The hydrological situations expected to be of most concern in the region are the water-limited drought-prone areas, the exposure of the built environment to possible increases in flooding, the supply of potable water to remote indigenous populations in inland Australia and on low-lying islands, and the progressive loss of snowfields.
Integrated catchment management provides an adaptation framework for the long-term management of catchment water and surface properties and the short-term tradeoffs between competing demands for water. Already, major systems such as Australia's Murray-Darling River system are subject to intensive management, but generally this does not include consideration of possible decadal-scale changes or even of the predictable El Niņo-related seasonal-to-annual variations. Water pricing and water efficiency initiatives may be used as an effective adaptation strategy (Fenwick, 1995; McClintock, 1997). The risk of landslides and soil erosion can be reduced through informed land management, particularly by avoiding vegetation clearance in vulnerable areas and by rehabilitating exposed areas that have been cleared.

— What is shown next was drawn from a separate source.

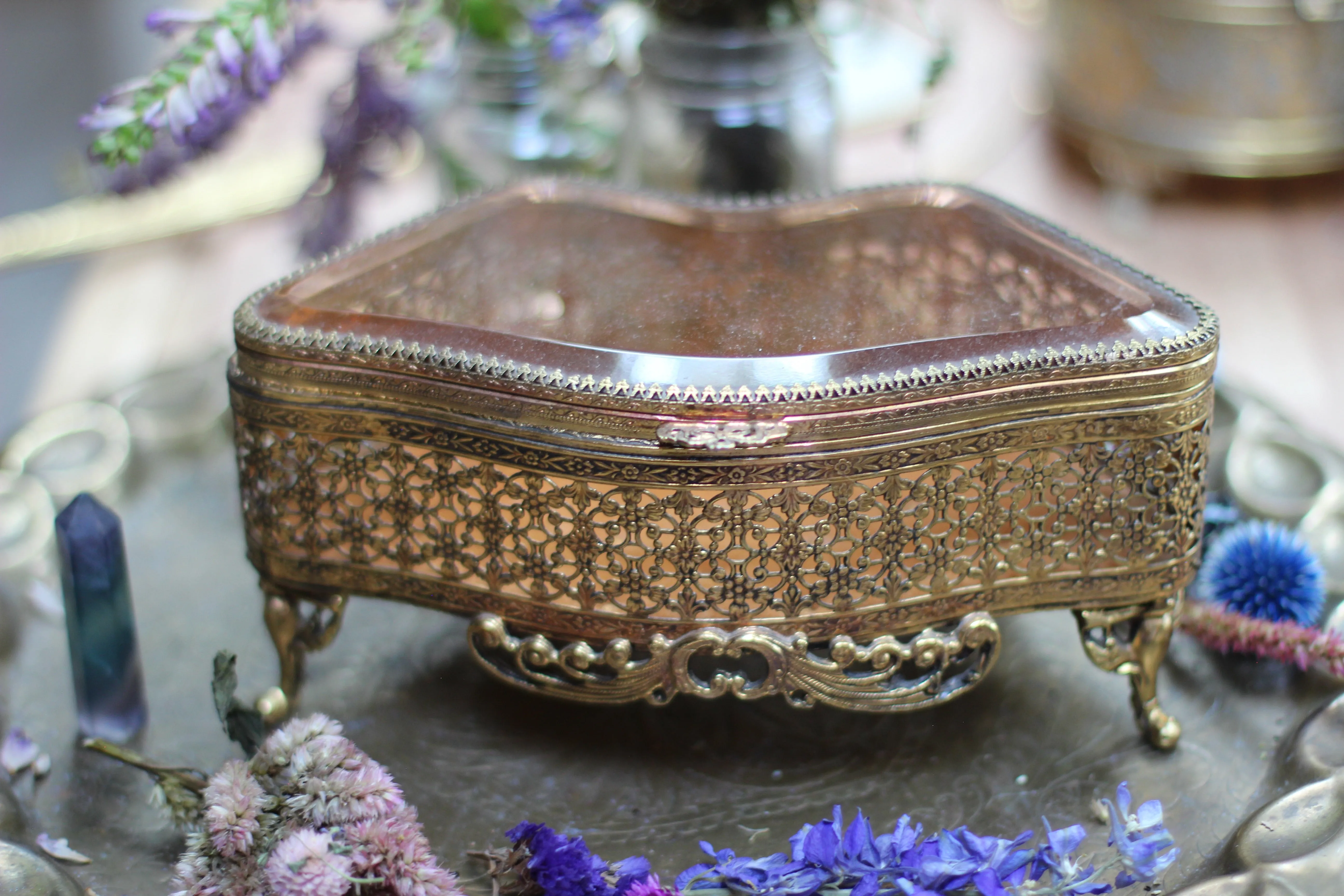 Beveled Glass Bronze Victorian Jewelry Box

Urban planning and management will be needed to deal with increased flooding risk-for example through provision of retention basins and zoning. Any slow change in mean rainfall or rainfall intensity, if well-enough known in advance, could be accommodated within the lead time of about 10 years needed for planning and constructing major facilities. Dams and flood-protection works can be redesigned and rebuilt and vulnerable buildings relocated, albeit at considerable cost. However, any slow increase in interannual rainfall variability may result in early stresses for supply systems designed to cope with existing rainfall variability; at such times, the adaptation options would be very limited, as was shown during the public water supply crisis in Auckland in 1994. Measures needed to improve the water supply situation of indigenous peoples in inland Australia and on Australia's low-lying coastal islands are discussed in Moss (1994).
Adaptations to change in snowfields and glaciers are very limited. Artificial snowmaking is a potential strategy for skifield operators, but only to a limited extent because of the strong impact of temperature increases on snow amount, the environmental impacts of the large water storage dams required, and the costs involved.
Although many management and engineering adaptation options exist, the magnitude of the financial exposure and the considerable time and expense involved in adaptations indicate a high vulnerability with respect to hydrology.